Smith recebeu prêmios como a Academia de Letras e Artes, Prêmio de Aquisição, NY l987; a Joan Mitchell Fundação Pintores Conceder 1996; a Mulher Caucus para as Artes Lifetime Achievement de 1997; a Faculdade de Arte da Associação de Mulheres Award 2002 e três doutorados honorários: Minneapolis Faculdade de Arte e Design, 1992; Pensilvânia Academia de Belas Artes De 1998; Massachusetts College of Art, De 2003; do Governador de Destaque do Novo México Mulher Award 2005; O Novo México Governor’s Award for Excellence in the Arts, o Allan Houser Award 2005.

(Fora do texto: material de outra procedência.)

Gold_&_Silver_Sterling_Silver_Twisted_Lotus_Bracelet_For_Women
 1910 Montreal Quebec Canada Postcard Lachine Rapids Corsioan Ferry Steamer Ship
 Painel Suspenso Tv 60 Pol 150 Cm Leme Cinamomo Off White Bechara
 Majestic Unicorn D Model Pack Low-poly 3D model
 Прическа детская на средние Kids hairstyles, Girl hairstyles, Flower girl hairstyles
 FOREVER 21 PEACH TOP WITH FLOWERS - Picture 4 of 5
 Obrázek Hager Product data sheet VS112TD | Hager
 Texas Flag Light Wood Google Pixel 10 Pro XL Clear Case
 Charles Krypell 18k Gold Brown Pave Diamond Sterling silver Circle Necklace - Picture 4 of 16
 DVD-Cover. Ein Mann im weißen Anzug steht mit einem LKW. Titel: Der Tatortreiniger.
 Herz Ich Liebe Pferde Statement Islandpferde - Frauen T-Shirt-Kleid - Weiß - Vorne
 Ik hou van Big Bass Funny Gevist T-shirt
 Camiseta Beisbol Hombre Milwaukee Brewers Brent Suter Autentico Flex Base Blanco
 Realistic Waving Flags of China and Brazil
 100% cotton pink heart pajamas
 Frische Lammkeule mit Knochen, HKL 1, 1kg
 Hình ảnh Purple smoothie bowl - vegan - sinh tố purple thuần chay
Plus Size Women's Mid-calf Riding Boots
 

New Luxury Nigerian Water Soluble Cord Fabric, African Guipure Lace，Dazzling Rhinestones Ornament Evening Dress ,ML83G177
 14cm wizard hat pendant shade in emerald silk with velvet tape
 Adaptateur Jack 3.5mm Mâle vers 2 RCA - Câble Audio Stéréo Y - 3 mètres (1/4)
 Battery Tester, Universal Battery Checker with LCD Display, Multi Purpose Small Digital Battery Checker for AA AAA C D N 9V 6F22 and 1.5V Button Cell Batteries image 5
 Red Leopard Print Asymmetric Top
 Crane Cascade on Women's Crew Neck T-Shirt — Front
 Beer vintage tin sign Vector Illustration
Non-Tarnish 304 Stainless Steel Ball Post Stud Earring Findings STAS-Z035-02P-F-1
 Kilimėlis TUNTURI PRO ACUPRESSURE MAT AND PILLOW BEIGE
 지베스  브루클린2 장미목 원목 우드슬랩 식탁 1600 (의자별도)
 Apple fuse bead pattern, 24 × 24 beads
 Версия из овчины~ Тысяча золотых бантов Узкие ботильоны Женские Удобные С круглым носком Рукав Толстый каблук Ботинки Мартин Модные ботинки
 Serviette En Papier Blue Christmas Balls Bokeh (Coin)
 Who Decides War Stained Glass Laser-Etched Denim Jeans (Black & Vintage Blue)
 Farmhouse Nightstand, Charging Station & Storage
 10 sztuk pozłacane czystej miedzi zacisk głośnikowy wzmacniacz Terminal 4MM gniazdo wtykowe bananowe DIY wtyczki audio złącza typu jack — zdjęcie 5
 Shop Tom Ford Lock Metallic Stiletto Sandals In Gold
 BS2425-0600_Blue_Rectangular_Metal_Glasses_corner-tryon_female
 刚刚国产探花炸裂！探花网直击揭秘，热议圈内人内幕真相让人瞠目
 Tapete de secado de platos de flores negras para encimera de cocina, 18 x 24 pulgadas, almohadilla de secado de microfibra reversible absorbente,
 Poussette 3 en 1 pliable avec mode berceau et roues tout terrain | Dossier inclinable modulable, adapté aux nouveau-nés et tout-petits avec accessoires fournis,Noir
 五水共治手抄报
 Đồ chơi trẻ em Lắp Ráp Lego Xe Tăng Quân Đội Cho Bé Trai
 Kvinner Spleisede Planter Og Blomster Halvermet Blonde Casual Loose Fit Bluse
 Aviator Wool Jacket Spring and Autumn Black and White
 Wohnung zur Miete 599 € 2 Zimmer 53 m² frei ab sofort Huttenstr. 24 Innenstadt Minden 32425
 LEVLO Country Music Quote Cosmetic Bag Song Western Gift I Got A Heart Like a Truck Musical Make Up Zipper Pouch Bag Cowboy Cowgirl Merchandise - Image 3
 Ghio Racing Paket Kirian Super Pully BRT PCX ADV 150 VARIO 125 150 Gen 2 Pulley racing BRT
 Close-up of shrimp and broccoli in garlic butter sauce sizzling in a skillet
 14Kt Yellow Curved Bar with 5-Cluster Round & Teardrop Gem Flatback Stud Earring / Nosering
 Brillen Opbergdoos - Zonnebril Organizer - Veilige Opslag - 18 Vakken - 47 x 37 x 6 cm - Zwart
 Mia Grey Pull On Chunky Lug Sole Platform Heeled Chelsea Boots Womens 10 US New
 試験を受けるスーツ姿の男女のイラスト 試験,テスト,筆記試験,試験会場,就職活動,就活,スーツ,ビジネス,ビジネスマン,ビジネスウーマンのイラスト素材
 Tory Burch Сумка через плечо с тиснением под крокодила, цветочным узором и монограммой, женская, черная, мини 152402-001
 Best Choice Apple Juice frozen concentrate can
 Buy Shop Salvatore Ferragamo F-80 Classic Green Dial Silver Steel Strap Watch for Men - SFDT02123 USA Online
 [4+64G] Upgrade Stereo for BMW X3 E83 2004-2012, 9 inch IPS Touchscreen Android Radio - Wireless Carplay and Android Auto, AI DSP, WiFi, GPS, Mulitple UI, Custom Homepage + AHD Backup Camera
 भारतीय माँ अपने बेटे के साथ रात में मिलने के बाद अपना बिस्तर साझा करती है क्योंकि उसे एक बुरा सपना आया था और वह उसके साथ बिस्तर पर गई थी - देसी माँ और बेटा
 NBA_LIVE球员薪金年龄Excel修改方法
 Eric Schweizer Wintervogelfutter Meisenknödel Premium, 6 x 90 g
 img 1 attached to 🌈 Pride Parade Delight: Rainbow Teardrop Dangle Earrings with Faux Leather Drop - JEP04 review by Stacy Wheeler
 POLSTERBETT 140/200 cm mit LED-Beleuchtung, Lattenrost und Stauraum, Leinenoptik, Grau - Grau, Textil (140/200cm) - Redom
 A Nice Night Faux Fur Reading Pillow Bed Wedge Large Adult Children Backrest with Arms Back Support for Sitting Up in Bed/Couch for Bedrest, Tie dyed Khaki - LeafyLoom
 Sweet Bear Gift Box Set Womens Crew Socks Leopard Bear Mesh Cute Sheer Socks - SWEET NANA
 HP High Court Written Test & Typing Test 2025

Ela está nas coleções do Museu de Arte Moderna, Quito, Equador; o Museu da Humanidade, Viena, Áustria; Walker, Minneapolis, MN; Smithsonian American Art Museum, Washington DC; o Museu de Arte Moderna, no Brooklyn Museum, Metropolitan e O Whitney Museum, em nova york. Smith chama-se uma trabalhadora de arte cultural. Com sua visão de mundo nativa, o trabalho de Smith aborda a Política tribal de hoje, os direitos humanos e questões ambientais com humor. O crítico Gerrit Henry (Art in America 2001) escreveu: “por toda a natureza primitiva de suas origens, Smith assume habilmente a sociedade americana contemporânea em suas pinturas, desenhos e gravuras, olhando para as coisas nativas e nacionais através de bifocais do velho e do novo, O sagrado e o profano, o divino e o espirituoso.”